読書の重要性は誰もが知っている。だがその重要性は、現代では強迫神経症のような形で喧伝されている。読書をしない人は豊かな人生を送れない。だとすれば、これまで本と無縁だったり、楽しみのためだけに本を読んできた人はどうすればいいのか。

本書こそ、その最高の導入となるだろう。

ジャンル:読書
難易度 ★★★ 
実用性 ★★★★★
満足度 ★★★★★

本を読む本 (講談社学術文庫)

本を読む本 (講談社学術文庫)


本書は勝間和代や原尻淳一によって、折にふれてプッシュされ続けてきた。本屋の関連フェアで平積みになっているのを見たことがある人もいるだろう。にも関わらず、間違いなく読まれて来なかった一冊である。講談社学術文庫であり翻訳という見た目は高いハードルになっているからだ。訳者の外山滋比古『思考の整理学』は「東大、京大で一番読まれている本」という触れ込みでベストセラーになっているというのに。

実際、その難易度は低いわけではない。しかしその難しい見た目は内容の充実と構成の整然さを意味している。本書には、世に跋扈している読書術というもののほとんどのエッセンスが詰まっている。ほとんど、これだけ読んでいればいいといった趣だ。ではそれはどのような内容か。本書は読書に四つのレベルを設けている。初級読書、点検読書、分析読書、シントピカル読書がそれだ。

初級読書はいわゆる素朴な読書だ。
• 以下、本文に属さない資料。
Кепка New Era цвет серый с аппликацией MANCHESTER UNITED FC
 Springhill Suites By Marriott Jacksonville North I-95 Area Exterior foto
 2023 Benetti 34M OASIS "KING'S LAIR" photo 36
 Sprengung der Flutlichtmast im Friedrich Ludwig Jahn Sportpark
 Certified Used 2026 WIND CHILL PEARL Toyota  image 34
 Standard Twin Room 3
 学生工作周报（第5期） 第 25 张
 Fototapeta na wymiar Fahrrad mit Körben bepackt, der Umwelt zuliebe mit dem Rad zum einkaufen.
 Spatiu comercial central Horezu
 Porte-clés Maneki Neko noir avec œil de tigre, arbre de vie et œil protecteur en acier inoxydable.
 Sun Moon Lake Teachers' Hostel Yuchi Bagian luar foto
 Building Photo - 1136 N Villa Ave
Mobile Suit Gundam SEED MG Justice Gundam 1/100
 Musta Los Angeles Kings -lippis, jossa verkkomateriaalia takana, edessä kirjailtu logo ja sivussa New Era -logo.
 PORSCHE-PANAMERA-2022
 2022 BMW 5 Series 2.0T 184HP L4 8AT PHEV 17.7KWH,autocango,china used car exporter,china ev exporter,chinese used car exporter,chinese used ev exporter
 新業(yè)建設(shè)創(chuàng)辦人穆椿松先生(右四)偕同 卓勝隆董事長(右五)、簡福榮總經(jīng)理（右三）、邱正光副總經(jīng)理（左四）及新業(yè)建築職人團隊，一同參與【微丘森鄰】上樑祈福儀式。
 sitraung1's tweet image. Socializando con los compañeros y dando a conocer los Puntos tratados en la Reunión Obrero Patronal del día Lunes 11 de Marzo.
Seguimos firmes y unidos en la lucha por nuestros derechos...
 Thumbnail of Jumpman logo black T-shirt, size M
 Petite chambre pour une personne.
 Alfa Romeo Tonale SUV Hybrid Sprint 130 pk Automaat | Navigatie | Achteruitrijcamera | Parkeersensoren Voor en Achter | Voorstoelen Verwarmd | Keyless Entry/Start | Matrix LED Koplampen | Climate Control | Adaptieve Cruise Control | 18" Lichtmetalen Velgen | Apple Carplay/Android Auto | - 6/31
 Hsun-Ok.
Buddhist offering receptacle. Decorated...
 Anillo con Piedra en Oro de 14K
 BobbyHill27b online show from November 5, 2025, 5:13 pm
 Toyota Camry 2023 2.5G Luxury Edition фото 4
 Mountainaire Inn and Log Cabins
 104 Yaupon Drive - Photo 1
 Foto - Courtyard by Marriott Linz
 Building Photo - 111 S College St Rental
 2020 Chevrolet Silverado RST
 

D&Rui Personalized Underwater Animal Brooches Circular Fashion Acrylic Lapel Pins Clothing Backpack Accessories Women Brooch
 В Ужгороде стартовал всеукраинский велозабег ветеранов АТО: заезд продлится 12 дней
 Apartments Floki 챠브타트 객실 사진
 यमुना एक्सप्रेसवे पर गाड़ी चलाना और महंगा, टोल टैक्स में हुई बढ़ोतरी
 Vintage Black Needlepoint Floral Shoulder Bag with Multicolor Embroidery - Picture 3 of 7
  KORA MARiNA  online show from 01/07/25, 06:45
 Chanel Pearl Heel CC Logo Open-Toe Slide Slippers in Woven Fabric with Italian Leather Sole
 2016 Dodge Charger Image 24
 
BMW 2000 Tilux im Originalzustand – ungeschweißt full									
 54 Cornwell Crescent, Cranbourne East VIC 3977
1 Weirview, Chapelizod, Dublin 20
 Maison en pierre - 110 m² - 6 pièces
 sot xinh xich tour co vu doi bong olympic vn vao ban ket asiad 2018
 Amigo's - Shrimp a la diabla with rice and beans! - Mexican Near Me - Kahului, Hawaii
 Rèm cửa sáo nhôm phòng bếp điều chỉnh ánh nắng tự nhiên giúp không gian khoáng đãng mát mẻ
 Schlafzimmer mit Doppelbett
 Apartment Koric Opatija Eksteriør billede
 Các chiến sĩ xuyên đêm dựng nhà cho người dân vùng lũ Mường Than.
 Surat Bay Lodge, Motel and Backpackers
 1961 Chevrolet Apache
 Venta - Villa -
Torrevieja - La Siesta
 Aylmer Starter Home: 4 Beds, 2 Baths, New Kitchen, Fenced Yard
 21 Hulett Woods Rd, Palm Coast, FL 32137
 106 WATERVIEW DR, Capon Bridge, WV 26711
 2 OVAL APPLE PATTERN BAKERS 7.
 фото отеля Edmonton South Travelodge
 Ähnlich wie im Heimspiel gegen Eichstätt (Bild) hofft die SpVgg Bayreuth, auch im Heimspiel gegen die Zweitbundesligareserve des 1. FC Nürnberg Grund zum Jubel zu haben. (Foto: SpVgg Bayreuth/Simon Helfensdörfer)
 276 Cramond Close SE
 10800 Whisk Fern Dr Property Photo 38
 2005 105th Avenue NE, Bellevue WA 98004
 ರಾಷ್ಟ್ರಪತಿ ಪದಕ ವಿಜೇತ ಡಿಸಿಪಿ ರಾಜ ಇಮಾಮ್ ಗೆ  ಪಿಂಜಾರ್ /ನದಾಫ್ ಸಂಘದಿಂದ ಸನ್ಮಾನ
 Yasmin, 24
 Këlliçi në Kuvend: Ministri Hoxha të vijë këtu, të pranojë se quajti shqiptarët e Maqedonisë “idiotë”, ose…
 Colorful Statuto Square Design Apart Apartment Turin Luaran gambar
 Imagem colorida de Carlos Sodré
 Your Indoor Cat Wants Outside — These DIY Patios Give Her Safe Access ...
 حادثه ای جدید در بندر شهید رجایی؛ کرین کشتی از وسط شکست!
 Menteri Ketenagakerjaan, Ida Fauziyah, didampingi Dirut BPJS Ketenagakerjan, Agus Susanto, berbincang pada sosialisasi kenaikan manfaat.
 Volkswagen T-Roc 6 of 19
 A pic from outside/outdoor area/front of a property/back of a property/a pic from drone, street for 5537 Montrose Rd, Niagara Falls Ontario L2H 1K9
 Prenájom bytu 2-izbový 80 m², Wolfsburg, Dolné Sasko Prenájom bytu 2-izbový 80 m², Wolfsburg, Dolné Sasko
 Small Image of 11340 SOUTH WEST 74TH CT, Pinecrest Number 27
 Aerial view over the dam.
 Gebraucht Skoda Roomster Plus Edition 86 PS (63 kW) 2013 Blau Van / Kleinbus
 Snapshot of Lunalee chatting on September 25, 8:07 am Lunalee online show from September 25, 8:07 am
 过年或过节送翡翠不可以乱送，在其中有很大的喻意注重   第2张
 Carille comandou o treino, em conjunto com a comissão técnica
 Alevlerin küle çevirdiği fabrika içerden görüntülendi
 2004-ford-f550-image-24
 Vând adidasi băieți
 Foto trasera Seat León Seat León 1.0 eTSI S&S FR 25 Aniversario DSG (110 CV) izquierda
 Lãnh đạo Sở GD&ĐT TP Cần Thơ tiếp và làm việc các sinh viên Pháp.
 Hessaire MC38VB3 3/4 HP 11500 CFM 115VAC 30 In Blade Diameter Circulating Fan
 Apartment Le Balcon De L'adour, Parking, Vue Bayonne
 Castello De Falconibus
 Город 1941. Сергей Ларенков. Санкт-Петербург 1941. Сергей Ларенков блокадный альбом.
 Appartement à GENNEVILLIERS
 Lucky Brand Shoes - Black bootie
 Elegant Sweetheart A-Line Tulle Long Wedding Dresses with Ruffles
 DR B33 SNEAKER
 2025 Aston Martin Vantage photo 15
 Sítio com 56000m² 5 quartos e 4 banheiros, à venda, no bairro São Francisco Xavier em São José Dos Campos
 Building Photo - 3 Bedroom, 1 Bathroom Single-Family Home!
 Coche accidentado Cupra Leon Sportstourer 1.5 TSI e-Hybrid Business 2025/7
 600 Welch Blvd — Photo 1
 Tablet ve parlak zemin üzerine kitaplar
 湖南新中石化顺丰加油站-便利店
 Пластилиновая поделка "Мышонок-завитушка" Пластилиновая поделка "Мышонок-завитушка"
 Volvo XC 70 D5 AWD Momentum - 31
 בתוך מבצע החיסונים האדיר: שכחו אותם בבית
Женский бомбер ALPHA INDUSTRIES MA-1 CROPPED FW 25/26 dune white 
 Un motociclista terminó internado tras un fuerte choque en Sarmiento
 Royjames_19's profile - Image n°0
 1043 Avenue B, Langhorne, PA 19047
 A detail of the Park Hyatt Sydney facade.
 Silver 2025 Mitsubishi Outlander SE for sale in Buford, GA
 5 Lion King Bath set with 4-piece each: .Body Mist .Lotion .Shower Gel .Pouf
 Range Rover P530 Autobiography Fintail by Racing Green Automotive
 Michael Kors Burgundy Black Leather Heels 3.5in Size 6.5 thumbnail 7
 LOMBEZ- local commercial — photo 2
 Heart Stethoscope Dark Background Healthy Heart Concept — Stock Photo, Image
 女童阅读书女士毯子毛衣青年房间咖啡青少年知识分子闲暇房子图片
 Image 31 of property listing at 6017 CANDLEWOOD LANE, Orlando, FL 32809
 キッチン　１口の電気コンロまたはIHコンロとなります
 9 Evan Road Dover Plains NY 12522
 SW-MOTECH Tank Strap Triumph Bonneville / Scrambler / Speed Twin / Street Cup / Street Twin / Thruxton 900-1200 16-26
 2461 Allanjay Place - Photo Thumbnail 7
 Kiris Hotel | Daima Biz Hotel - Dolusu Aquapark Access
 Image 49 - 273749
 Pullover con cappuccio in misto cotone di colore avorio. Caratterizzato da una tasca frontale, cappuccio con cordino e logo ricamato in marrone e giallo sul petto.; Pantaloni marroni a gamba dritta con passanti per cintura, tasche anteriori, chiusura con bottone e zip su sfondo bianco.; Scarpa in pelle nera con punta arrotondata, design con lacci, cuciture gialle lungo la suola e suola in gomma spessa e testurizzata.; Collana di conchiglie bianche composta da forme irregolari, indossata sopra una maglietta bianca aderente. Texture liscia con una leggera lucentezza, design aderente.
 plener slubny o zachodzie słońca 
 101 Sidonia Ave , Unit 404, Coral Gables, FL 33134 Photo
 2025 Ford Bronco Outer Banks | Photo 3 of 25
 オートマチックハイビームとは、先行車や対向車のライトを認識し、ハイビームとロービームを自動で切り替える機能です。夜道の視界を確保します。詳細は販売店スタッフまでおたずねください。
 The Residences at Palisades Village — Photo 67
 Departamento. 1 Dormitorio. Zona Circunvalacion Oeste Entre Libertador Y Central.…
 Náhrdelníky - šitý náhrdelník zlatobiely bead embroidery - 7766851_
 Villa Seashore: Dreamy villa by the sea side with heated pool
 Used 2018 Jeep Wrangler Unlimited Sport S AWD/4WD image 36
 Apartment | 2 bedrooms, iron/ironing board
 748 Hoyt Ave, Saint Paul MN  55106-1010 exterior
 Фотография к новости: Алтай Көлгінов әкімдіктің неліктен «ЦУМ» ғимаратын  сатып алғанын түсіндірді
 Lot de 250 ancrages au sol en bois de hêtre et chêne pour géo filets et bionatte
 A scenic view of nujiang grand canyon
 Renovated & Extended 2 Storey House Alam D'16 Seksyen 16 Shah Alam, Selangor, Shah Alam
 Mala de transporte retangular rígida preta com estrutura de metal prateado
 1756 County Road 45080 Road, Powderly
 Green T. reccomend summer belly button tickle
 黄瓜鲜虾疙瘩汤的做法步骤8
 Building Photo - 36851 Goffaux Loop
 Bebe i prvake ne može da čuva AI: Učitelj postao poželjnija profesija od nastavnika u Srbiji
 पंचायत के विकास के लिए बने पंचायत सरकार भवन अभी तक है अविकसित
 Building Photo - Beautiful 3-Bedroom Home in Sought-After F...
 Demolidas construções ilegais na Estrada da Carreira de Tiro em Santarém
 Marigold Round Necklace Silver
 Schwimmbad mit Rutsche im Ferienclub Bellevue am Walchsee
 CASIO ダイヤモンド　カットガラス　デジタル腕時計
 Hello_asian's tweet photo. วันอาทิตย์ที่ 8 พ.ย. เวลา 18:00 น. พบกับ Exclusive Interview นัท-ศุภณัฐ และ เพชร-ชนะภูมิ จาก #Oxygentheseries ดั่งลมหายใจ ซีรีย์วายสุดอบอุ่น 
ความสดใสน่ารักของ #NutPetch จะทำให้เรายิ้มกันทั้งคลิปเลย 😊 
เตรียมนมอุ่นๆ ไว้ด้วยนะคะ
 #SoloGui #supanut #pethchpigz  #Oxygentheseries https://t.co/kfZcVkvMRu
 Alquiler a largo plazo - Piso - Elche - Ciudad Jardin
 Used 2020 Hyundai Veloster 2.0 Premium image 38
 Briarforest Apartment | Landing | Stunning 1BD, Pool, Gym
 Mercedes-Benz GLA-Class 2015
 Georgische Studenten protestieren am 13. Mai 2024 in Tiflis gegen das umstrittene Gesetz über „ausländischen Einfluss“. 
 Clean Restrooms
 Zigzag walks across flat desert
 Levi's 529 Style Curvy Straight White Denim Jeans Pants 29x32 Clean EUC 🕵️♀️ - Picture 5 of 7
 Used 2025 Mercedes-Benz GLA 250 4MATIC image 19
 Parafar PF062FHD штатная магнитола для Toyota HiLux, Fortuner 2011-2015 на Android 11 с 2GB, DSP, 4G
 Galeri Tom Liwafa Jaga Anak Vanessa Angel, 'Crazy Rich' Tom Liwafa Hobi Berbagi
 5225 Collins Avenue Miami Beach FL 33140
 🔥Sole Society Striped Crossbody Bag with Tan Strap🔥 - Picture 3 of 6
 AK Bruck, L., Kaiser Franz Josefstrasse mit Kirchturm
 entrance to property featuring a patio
多くの人が無意識に行っているものだと言ってよい。もちろん、これに飽きたらぬからこそ様々な読書術が提示されてきた。

点検読書は、あるターゲットを定めた上で、それを探すように読書することだ。いわゆる「速読」の中でも、「拾い読み」に属するものである。これはとても有効なことで、あるレベルにおいては、本は全てを読まなくてもよいのである。このことで、人々は読書の重圧から解放される。

分析読書は、精読のことだ。そこで書き手が何を言いたいのかを、本の内部の情報だけから読み切ることを意味する。これが必要なのは、書き手を批判するときのためだ。

シントピカル読書とは、読書の最終段階だ。一冊の本の内部に留まらず、様々な本を比較することで、より一般的な命題について考えるための高度な読書である。

重要なのは、これらの読書が段階的であるということだ。点検は分析に寄与し、分析はシントピカルを支える。しかし逆ではないのである。従って、逆説的に、レベル2であるはずの点検読書がいかに重要かを示している。


このような書評はありふれているが、そこに何か付け足すとすれば、本書に通底する思想が、読むこと=書くことだという指摘ができるだろう。優秀な読みとは常に対話的であり、それは自分からの発信を含んでいる。本書は、これから書こうと思っている多くの人たちにとっても必読だろう。